Dataset:

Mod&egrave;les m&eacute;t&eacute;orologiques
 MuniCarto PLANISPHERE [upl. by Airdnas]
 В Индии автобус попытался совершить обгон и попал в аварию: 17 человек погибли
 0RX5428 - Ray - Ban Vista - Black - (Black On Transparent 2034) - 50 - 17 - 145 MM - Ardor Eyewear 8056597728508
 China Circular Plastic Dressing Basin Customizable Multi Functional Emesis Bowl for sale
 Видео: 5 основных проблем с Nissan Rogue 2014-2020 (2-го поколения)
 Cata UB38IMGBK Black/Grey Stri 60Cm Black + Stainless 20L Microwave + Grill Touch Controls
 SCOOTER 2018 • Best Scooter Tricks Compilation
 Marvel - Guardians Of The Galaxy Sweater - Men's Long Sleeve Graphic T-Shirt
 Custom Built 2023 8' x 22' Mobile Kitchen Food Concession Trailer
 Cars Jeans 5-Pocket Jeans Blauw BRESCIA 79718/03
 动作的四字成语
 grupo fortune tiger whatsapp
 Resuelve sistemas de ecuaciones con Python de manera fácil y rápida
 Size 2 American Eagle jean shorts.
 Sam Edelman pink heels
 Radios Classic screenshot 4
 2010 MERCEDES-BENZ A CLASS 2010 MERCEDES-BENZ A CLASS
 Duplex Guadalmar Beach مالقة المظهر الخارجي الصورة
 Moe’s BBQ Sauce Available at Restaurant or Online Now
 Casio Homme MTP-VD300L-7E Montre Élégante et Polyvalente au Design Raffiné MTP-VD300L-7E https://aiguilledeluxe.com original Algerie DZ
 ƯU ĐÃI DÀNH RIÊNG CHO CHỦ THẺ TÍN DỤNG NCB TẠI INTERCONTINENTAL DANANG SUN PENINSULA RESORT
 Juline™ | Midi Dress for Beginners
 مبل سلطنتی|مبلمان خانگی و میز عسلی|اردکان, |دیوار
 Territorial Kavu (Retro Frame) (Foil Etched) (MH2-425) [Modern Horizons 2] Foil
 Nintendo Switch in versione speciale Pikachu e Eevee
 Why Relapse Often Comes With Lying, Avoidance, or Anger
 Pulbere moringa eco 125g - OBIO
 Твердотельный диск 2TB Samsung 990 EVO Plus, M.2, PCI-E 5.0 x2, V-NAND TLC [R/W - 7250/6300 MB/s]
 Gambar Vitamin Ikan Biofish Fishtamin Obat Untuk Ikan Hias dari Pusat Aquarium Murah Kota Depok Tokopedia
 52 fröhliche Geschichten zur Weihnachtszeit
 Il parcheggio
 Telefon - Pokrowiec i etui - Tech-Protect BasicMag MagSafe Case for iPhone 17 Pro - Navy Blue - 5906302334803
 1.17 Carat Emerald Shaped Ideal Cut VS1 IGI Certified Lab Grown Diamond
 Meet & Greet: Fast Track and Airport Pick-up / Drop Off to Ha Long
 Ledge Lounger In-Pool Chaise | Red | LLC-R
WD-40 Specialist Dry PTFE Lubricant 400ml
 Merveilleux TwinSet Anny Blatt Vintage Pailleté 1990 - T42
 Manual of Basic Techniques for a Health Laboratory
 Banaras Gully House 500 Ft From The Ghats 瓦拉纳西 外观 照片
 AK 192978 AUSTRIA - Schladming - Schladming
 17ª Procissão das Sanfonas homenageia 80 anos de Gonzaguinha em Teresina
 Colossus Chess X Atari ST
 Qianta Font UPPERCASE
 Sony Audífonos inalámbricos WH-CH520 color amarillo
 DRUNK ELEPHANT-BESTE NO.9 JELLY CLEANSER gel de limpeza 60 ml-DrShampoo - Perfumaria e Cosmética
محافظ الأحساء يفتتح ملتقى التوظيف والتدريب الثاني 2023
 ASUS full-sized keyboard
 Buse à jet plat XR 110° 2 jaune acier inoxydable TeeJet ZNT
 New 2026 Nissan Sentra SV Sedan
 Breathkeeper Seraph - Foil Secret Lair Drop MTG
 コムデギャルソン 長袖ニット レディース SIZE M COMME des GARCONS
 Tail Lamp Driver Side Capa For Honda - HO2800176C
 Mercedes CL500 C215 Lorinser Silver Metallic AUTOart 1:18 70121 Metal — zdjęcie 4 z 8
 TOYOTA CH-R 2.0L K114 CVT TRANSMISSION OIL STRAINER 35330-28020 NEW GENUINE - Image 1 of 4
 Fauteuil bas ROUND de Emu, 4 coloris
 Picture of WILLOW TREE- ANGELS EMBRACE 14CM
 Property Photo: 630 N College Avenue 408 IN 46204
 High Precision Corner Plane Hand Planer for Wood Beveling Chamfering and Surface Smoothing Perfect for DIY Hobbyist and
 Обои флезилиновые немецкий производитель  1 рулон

Work item: Within the entries, find all lines holding "Foil" and copy each one.

Completed task:
 Territorial Kavu (Retro Frame) (Foil Etched) (MH2-425) [Modern Horizons 2] Foil
 Breathkeeper Seraph - Foil Secret Lair Drop MTG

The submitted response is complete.